*Exercise:* Below are records to repeat exactly; do not include any pictures.

[Captioned web images]
▬▬▬▬▬▬▬▬▬▬

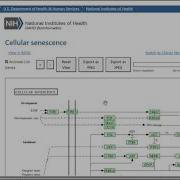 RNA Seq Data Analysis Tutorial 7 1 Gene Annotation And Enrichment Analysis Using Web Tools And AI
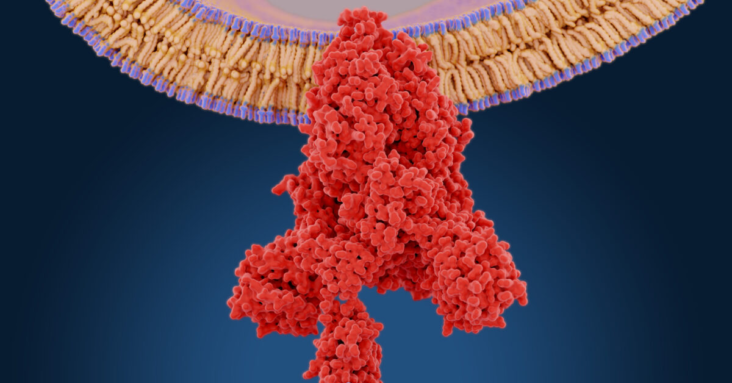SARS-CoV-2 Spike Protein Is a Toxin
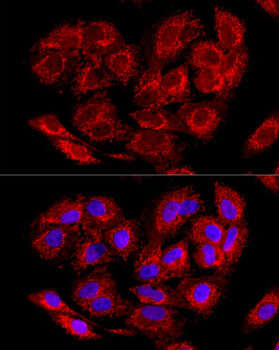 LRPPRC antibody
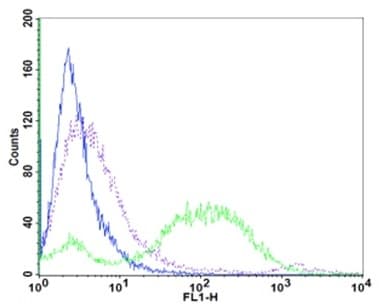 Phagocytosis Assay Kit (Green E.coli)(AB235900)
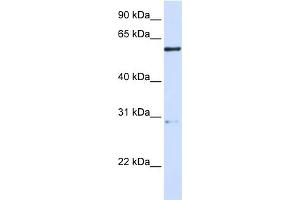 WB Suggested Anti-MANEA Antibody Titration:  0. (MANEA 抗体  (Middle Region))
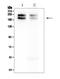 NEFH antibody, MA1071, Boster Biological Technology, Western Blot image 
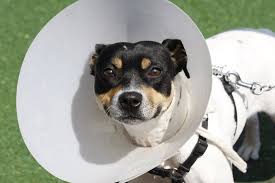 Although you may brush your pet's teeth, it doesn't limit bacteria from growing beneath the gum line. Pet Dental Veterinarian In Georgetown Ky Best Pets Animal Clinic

▬▬▬▬▬▬▬▬▬▬

*Answer section:*
 RNA Seq Data Analysis Tutorial 7 1 Gene Annotation And Enrichment Analysis Using Web Tools And AI
SARS-CoV-2 Spike Protein Is a Toxin
 LRPPRC antibody
 Phagocytosis Assay Kit (Green E.coli)(AB235900)
 WB Suggested Anti-MANEA Antibody Titration:  0. (MANEA 抗体  (Middle Region))
 NEFH antibody, MA1071, Boster Biological Technology, Western Blot image 
 Although you may brush your pet's teeth, it doesn't limit bacteria from growing beneath the gum line. Pet Dental Veterinarian In Georgetown Ky Best Pets Animal Clinic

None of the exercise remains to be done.